As we were singing this medley, a group of people gathered in the doorway and even from the stage I could see smiles spread across their faces. Drawing people in with our music like that reminded me of why I enjoy singing so much — especially with this group of people. Seeing people start to understand that jazz music isn’t just saxophones and trumpets (although that is a huge part of it) is always such a rewarding feeling.
5:00 p.m. - We moved all of our gear to the Memorial High School auditorium for our second concert of the day. This stage gave us a lot less room to spread out on because multiple instruments and microphones already set up for the jazz band combos that also performed in the concert. We scrunched together in the front of the stage for our mic check and ran through our song that we would be performing — a jazzy rendition of “September” by Earth, Wind and Fire. Personally, this is one of my favorite songs in our set because I have known this song for a long time and to be able to sing it in a completely different style is so much fun for me.
5:45 p.m. - After our sound check, we met up in the school’s orchestra room, which had been transformed into our evening dining area. Volunteers from the city were working to get everything set up for dinner. They weren’t quite ready for us, so we decided to serenade the volunteers with a song that we sang in our earlier concert. It was an a capella chart that was a medley of different folk songs called “Country Dances.” They loved it and told us how much they enjoyed our impromptu performance as we went down the line to get our chicken and biscuits.

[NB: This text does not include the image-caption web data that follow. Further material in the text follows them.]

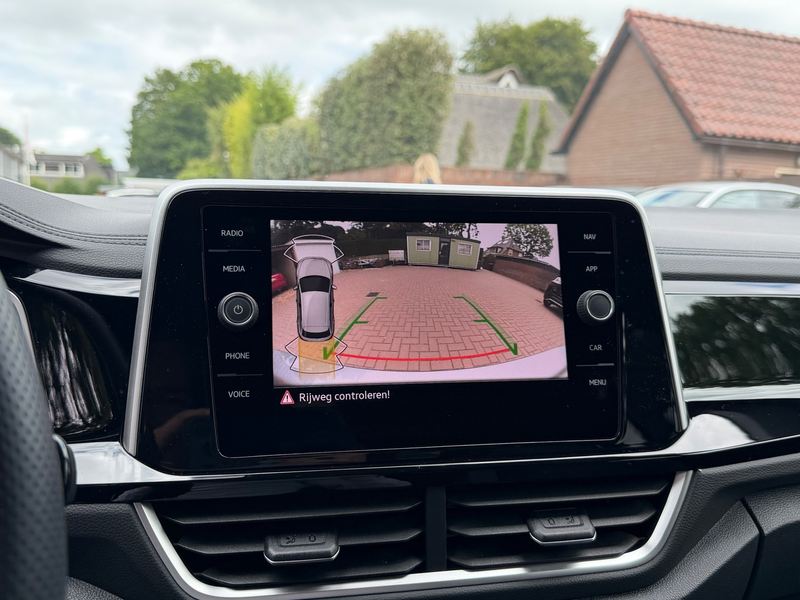 Volkswagen T-Roc 1.5 TSI R-Line - Camera - Keyless - LED — photo 14
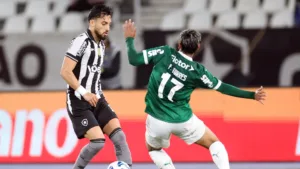 Felipe Anderson decide, Palmeiras vence o Botafogo por 1 a 0 e assume vice-liderança do Brasileirão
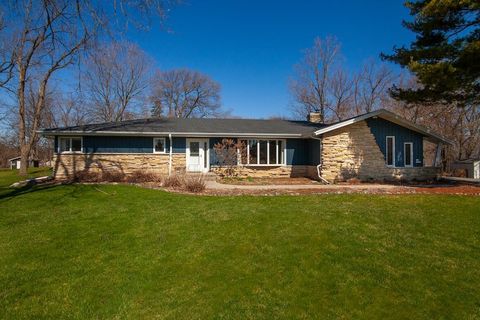 Photo of N59W39568 Laketon Ave, Oconomowoc, WI 53066 (MLS # 1956995)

7:20 p.m. - We had about ten minutes before we hit the stage, so we all spent that time preparing however we felt comfortable. For a bunch of us, myself included, it involved dancing in the middle of the hallway to get the jitters out of our system before we walked on the stage.

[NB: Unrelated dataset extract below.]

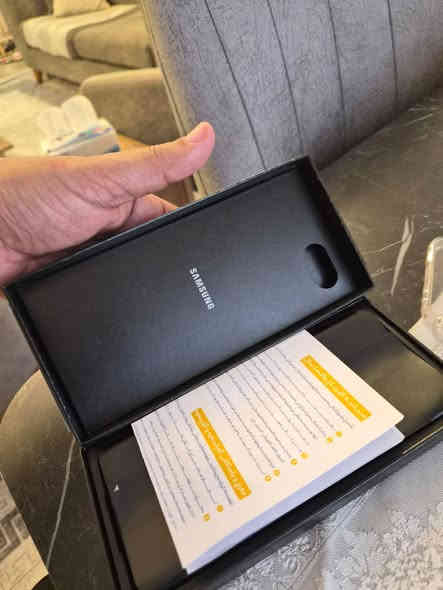 وصل شراء ويا جديد استخدام كم يوم اصلي ضمان جبال ويا كفر وشاحن 25 واط اصلي سامسونج جهاز بدون شخط 
واحد للبيع بسعر 500 الف
***********
البصرة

There was a slight snafu as we were waiting to go on; the emcee for the evening skipped over us and announced the hometown Eau Claire jazz band instead. Everyone in the audience got really excited to see their beloved band perform and then got the rug pulled out from beneath them, so to speak. We were all a little nervous how they would react to us after that small hiccup.

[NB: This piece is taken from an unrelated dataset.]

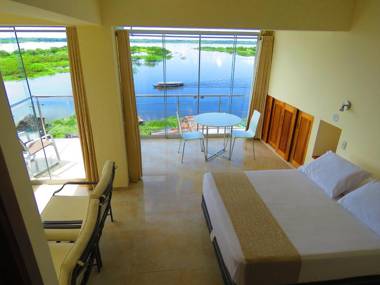 Boulevard 251 Riverside Apartments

7:30 p.m. - Show time. As we stood on stage in front of a dark auditorium full of strangers, my heart started pounding to let me know we were about to begin. I listened for the piano as it rolled our first chord. My brain quickly jumped ahead to my next couple of notes to remind myself of where I was going as I slowly raised my microphone to my lips. I looked off the front of the stage to see our director with her hands in the air, as she gave us our tempo. With a swift flick of the wrist, we were off.
The song went off without a hitch on our end. It was the best we had ever sung it and the audience responded really well to us. There were a few small things that were not our responsibility, like microphones not being turned up when they needed to be. But all in all, it went incredibly well. It was such an honor to be brought in so that people could hear jazz in a whole new light. It’s what we do on a regular basis, but some people had never known that you can take a pop song, like “September,” and turn it into a jazzy number.
Exhausted, sore and kind of cranky, we got back in our cars and headed back up north to Duluth. We had to wake up early the next morning to do even more singing for a rehearsal for our upcoming Cabaret show. A singer's work is never done.